Description
Describe the bug
When building base_create_snowplow_sessions_lifecycle_manifest with the snowplow__user_sql
var populated, or if snowplow__user_identifiers
has > 1 value, if the value produced is inconsistent throughout a session, the value chosen as user_identifier
can be unexpected because the values are aggregated via max()
.
This can occur for instance if user_id
is one of the preferred values and one or more event in the session does not have a user_id
; e.g. with a snowplow__user_sql
like coalesce(user_id, domain_userid)
if some events are missing the user_id
, then the domain_userid
will be selected for those events instead; the final user_identifier
when will be whichever value is largest, which will not consistently be user_id
if the random domain_userid
happens to be larger.
This is unexpected because the intent between coalescing multiple values is generally that the first found value is preferred but you will randomly get other values.
For snowplow__user_identifiers
, it would be preferable if rather than max(coalesce(..., ..., ...))
the computation was coalesce(max(...), max(...), max(...))
so preferences would be more deterministic.
For snowplow__user_sql
you can not use this approach because you can not nest aggregate functions. As a temporary workaround we're using an approach like:
coalesce(
max(user_id),
max(domain_userid),
max(network_userid)
)) over (partition by session_identifier
to turn the outer max()
call into a window function and allow the inner aggregates; this is obviously undesirable.
Steps to reproduce
- Configure
user_identifier
options that are inconsistent throughout a session - Get unexpected
user_identifier
values
Expected results
snowplow__user_sql: "coalesce(max(user_id), max(domain_userid), max(network_userid))"
select session_identifier, coalesce(max(user_id), max(domain_userid)) user_identifier
from (
select 'a' session_identifier, null user_id, '1' domain_userid
union all
select 'a' session_identifier, '2' user_id, '1' domain_userid
union all
select 'b' session_identifier, null user_id, '3' domain_userid
union all
select 'b' session_identifier, '2' user_id, '3' domain_userid
)
group by 1
session_identifier | user_identifier |
---|---|
a | 2 |
b | 2 |
Actual results
snowplow__user_sql: "coalesce(user_id, domain_userid, network_userid)"
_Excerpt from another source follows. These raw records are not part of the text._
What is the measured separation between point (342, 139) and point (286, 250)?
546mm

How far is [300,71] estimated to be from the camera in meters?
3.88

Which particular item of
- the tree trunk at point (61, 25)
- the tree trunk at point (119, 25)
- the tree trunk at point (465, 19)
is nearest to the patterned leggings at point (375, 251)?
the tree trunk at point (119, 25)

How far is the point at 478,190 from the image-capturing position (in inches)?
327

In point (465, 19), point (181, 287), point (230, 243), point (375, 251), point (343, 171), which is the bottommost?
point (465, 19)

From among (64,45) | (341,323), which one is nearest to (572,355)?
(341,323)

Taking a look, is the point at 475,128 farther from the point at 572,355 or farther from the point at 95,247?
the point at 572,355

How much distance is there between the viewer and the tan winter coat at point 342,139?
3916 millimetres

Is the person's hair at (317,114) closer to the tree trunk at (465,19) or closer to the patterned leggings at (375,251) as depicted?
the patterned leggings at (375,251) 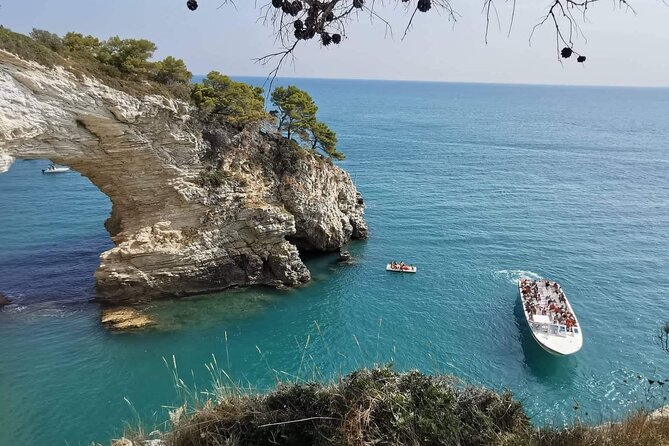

select session_identifier, max(coalesce(user_id, domain_userid)) user_identifier
from (
select 'a' session_identifier, null user_id, '1' domain_userid
union all
select 'a' session_identifier, '2' user_id, '1' domain_userid
union all
select 'b' session_identifier, null user_id, '3' domain_userid
union all
select 'b' session_identifier, '2' user_id, '3' domain_userid
)
group by 1
session_identifier | user_identifier |
---|---|
a | 2 |
b | 3 |
Which database are you using dbt with?
- postgres
- redshift
- bigquery
- snowflake
- databricks
- other (specify: ____________)
Additional context
This won't impact most users that use the default identifier settings, but for those that have their own surrogate values used for user identification if an event is missing the surrogates for any reason this issue occurs.